Let us add some code to handle that:

async function getUserGroups(token) {
  const res = await fetch('https://graph.microsoft.com/v1.0/me/appRoleAssignments', {
    headers: {
      Authorization: `Bearer ${token}`
    }
  })
  const groups = res.data.value.map(group => group.principalDisplayName);
  return groups;
};

// const userGroups = await getUserGroups();
// hardcoded for visibility
const userGroups = [
  "Advertisement-service.dev.approved",
  "Advertisement-service.prod.approved",
  "Reporting-service.dev.approved"
];

userGroups.forEach(group => {
  if (group.includes("Advertisement-service")) {
    const env = group.split('.')[1]; // Extracts 'dev' or 'prod'
    policy.setStage(env);
    policy.allowMethod(AuthPolicy.HttpVerb.ALL, "/advertisement/*");
  }
});

// Explicitly allow access to dev endpoints for Reporting-service
if (userGroups.includes("Reporting-service.dev.approved")) {
  policy.setStage('dev');
  policy.allowMethod(AuthPolicy.HttpVerb.ALL, "reporting/*");
}

// Explicitly deny access to production endpoints for Reporting-service if not in the prod approved group
if (!userGroups.includes("Reporting-service.prod.approved")) {
  policy.setStage('prod');
  policy.denyMethod(AuthPolicy.HttpVerb.ALL, "reporting/*");
}

An output policy has fine-grained permission. If we want to reduce authorizer hits, we can then set a policy caching from 0 - 3600 seconds (60 mins), where 0 means no cache.
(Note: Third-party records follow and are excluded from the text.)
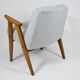 Vintage armchair model 366, 60s, blue fabric, teak wood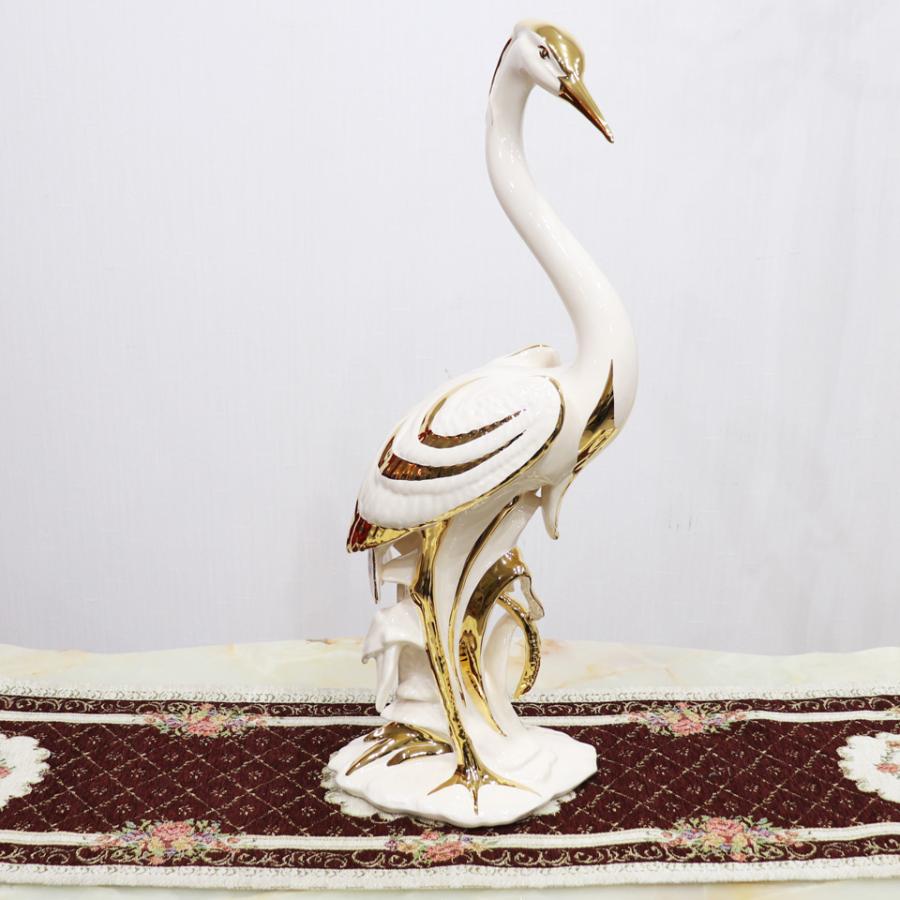 陶器 動物 鶴 置物 イタリア製 タンチョウ ツル 完成品 ヨーロピアン アンティーク AHURA ゴールド 1749/AOLYの画像
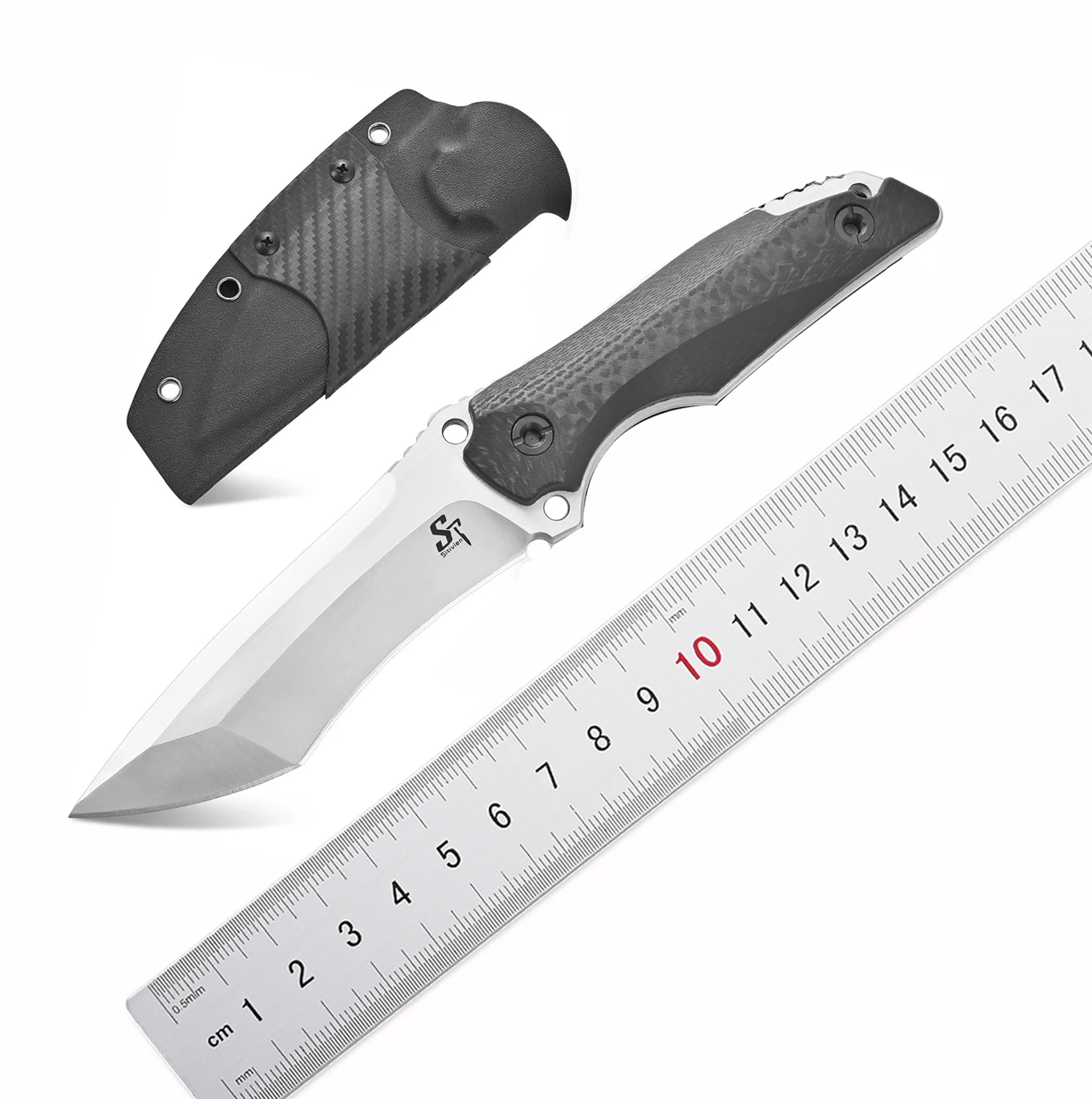 

Sitivien ST32 Fixed Blade Knife AUS-10 Blackwashed Steel Blade Carbon Fiber Handle Outdoor EDC Tool Knife for Working Camping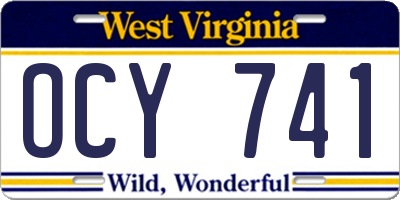 WV license plate OCY741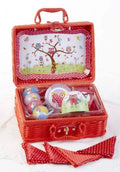 TIN 19 Piece TEA SET IN BASKET, RED OWL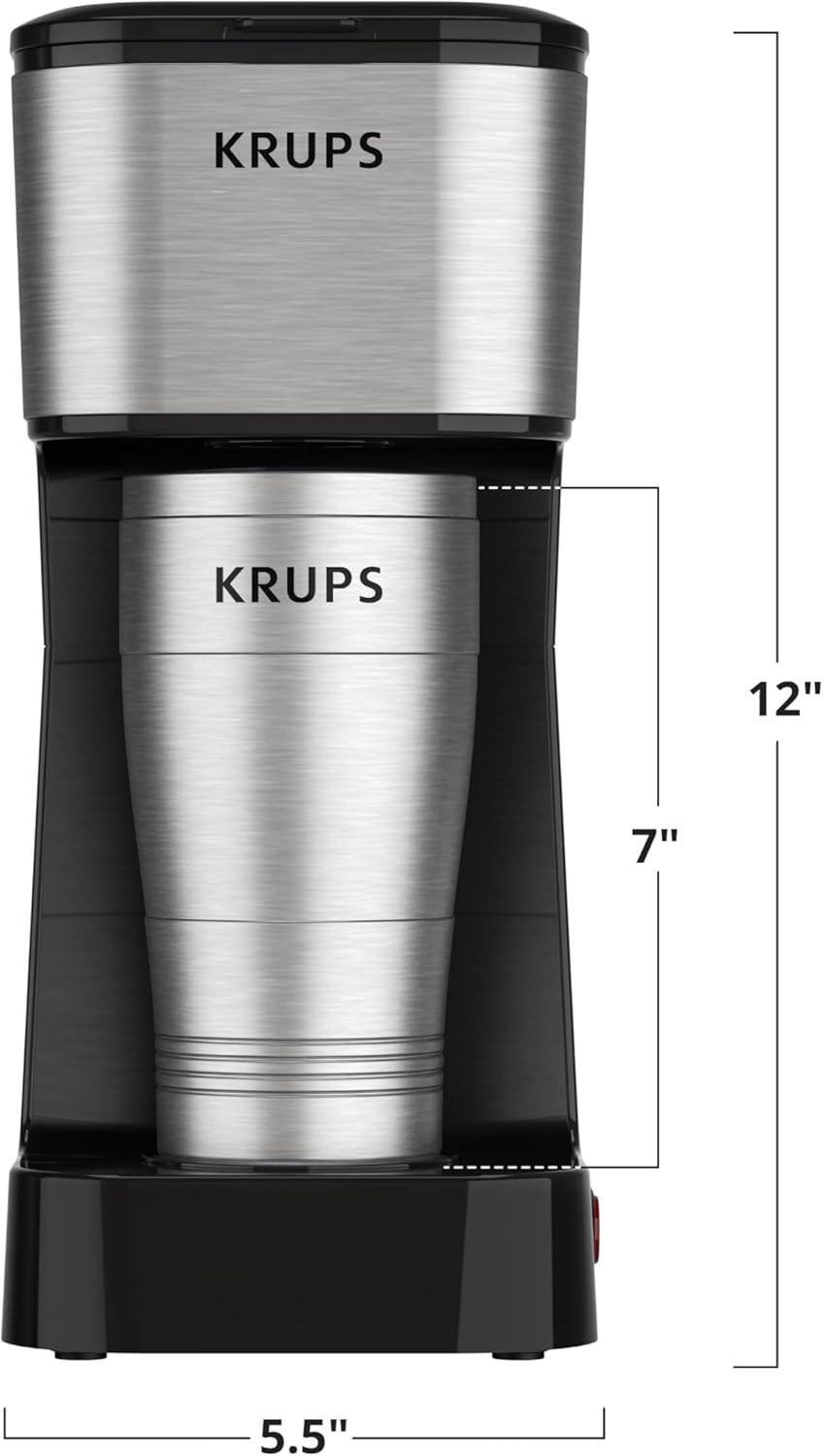 Krups Simply Brew Single-Serve Coffee Maker with Stainless Steel Mug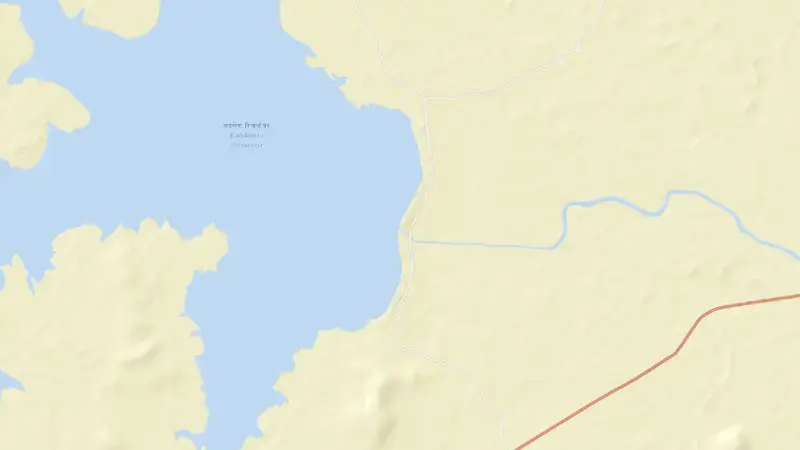 Road map of Kandaleru reservoir, IN, India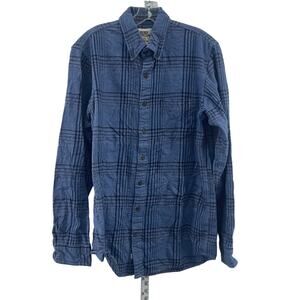 Mens Blake Shelton X Lands' End Plaid Long Sleeve Blue Shirt M Big & Tall Cotton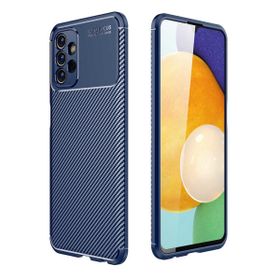 Teleplus Samsung Galaxy A23 Kamera Korumalı Negro Karbon Silikon Lacivert Kılıf + Nano Ekran Koruyucu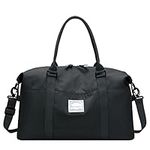 Weekend Bag for Women Overnight Bag Travel Duffel Bag Carry on Bag Holdalls for Women Sports Bag Gym Bag Weekender Bag (Black) 55x27x18cm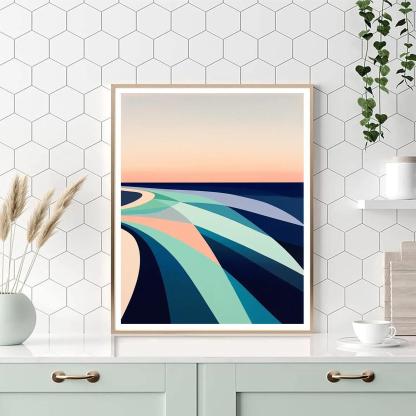 Georges Seurat Inspired Tidal Geometry At Dusk painting number kit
But it should be thoroughly thought through, taking access token expiration time into account.

{
  "principalId": "user|a1b2c3d4",
  "policyDocument": {
    "Version": "2012-10-17",
    "Statement": [
      {
        "Action": "execute-api:Invoke",
        "Effect": "Allow",
        "Resource": [
          "arn:aws:execute-api:us-east-1:1234567899:apiId1234/dev/*/advertisement/*",
          "arn:aws:execute-api:us-east-1:1234567899:apiId1234/prod/*/advertisement/*",
          "arn:aws:execute-api:us-east-1:1234567899:apiId1234/dev/*/reporting/*"
        ]
      },
      {
        "Action": "execute-api:Invoke",
        "Effect": "Deny",
        "Resource": [
          "arn:aws:execute-api:us-east-1:1234567899:apiId1234/prod/*/reporting/*"
        ]
      }
    ]
  },
  "context": {
    "key": "value",
    "number": 1,
    "bool": true
  }
}

Conclusion

We have discussed a flexible approach to user authorization for accessing resources, utilizing any logic and provider not natively supported by AWS. Although our implementation uses Azure AD, this method could easily accommodate any other authorization service, including a custom one.

This approach offers several benefits:

It provides a unified authentication and authorization point for both the front-end and back-end.

There is flexibility in configuring permissions.

Scalability. Once implemented for one service, it can be applied to many others.